Extracted data entries:

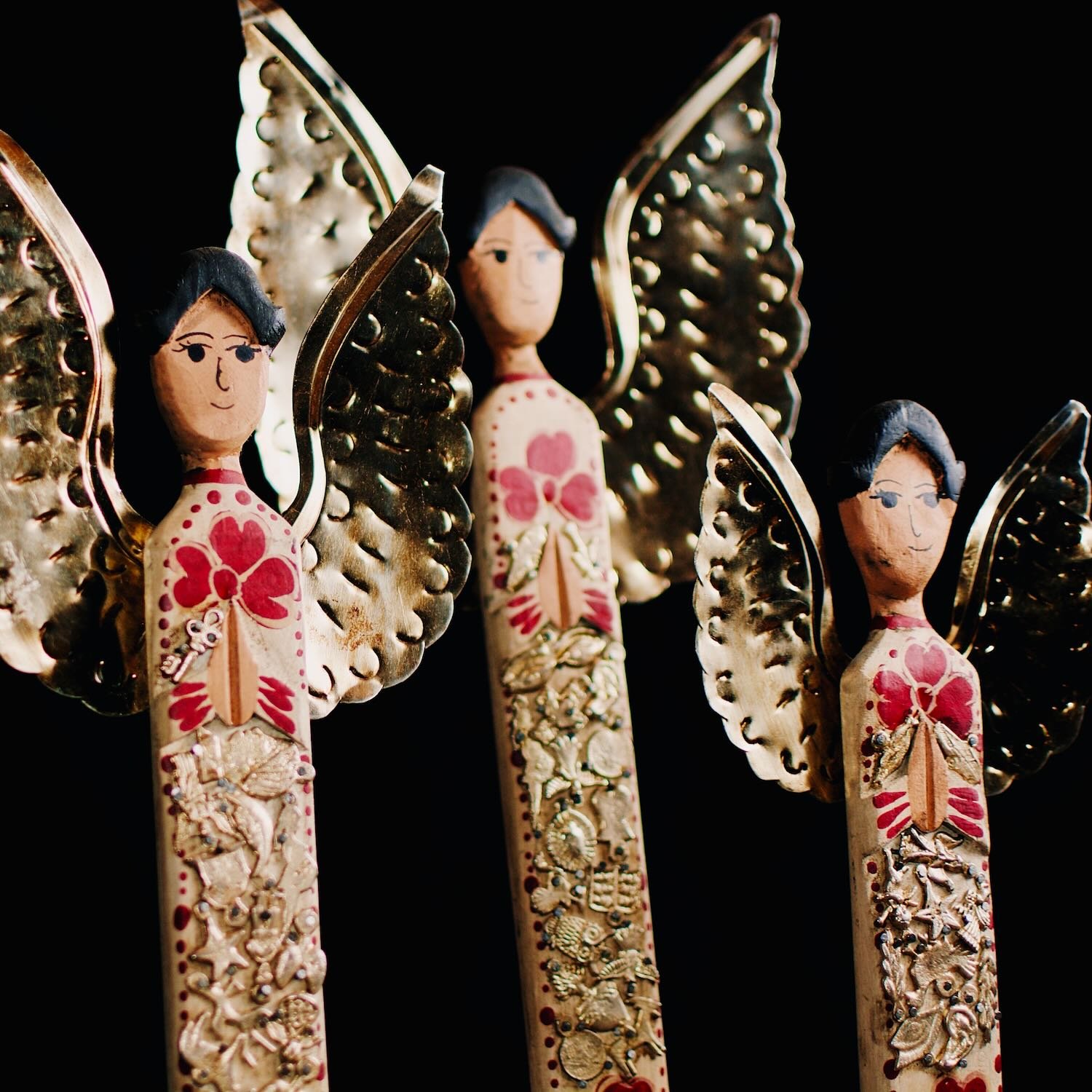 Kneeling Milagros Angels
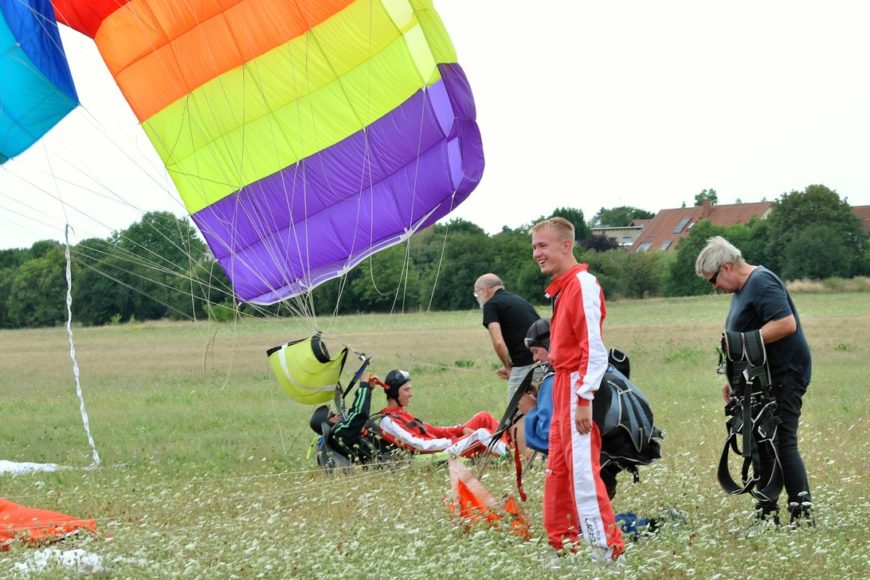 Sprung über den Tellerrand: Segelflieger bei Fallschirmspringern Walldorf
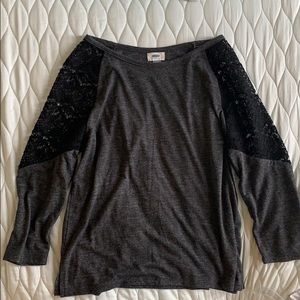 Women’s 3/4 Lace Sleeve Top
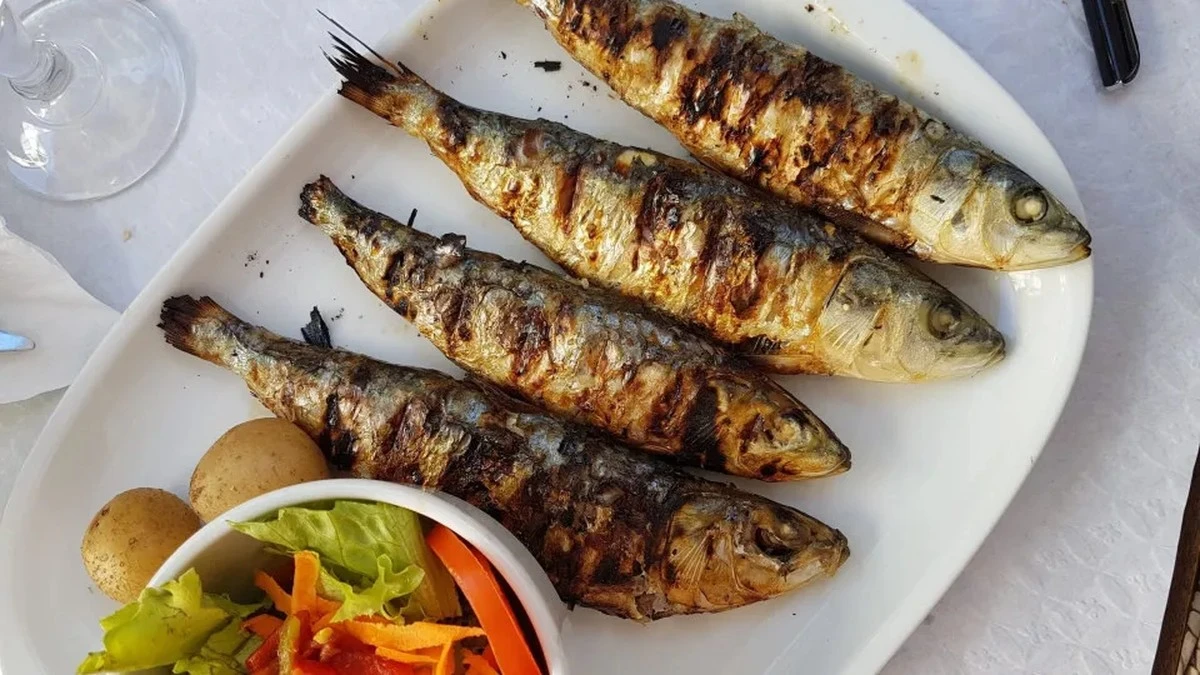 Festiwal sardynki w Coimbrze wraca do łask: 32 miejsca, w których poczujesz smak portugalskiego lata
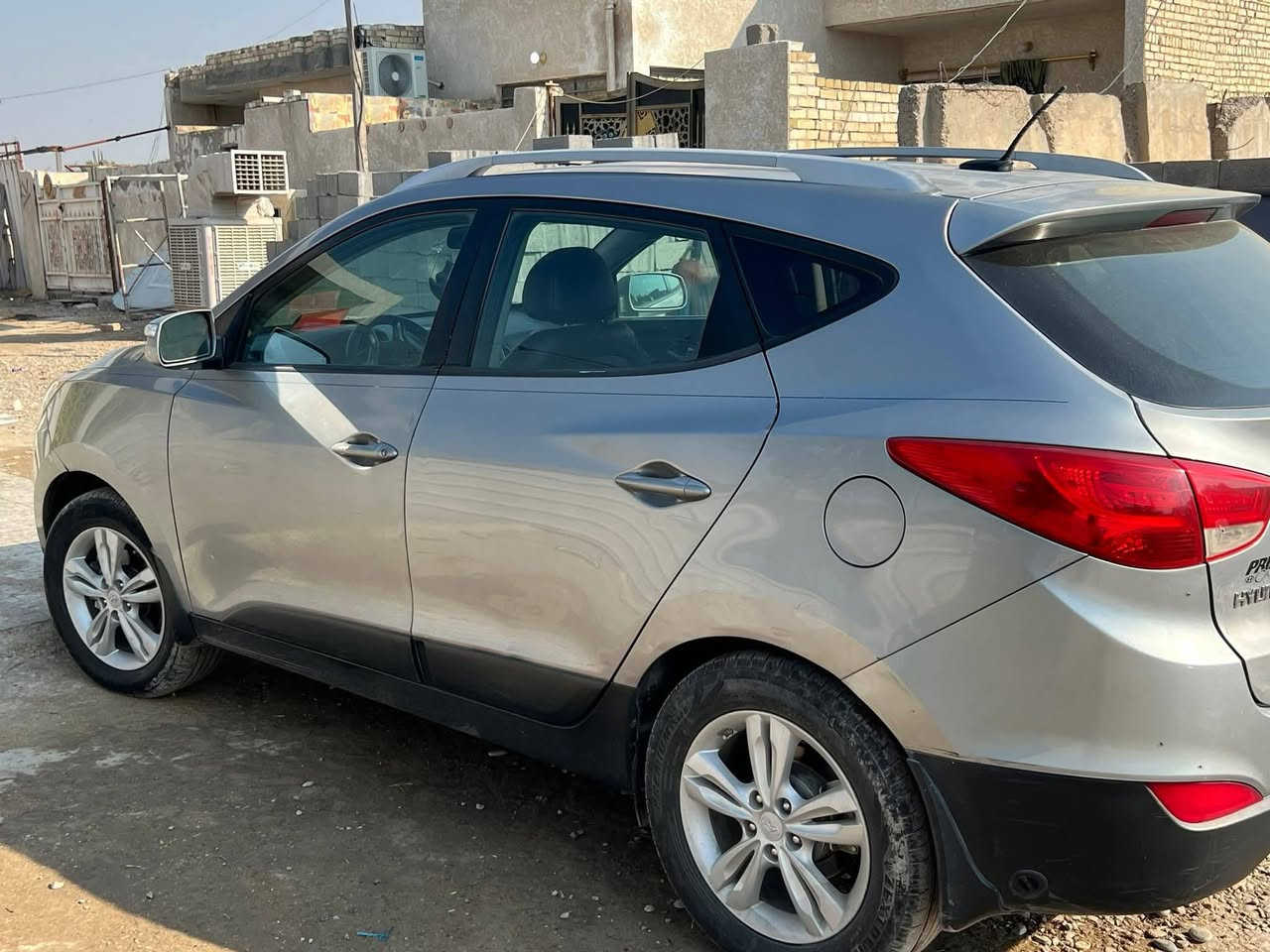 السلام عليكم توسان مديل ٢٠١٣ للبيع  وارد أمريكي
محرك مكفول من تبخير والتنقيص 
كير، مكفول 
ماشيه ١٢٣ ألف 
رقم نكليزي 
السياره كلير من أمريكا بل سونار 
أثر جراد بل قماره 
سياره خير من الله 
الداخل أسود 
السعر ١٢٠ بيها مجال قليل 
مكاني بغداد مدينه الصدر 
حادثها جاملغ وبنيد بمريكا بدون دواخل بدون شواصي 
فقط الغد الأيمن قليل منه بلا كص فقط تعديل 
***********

* [Action item] What lines in the data hold the word "مكفول"? Return them.

* [Expected output]
محرك مكفول من تبخير والتنقيص 
كير، مكفول 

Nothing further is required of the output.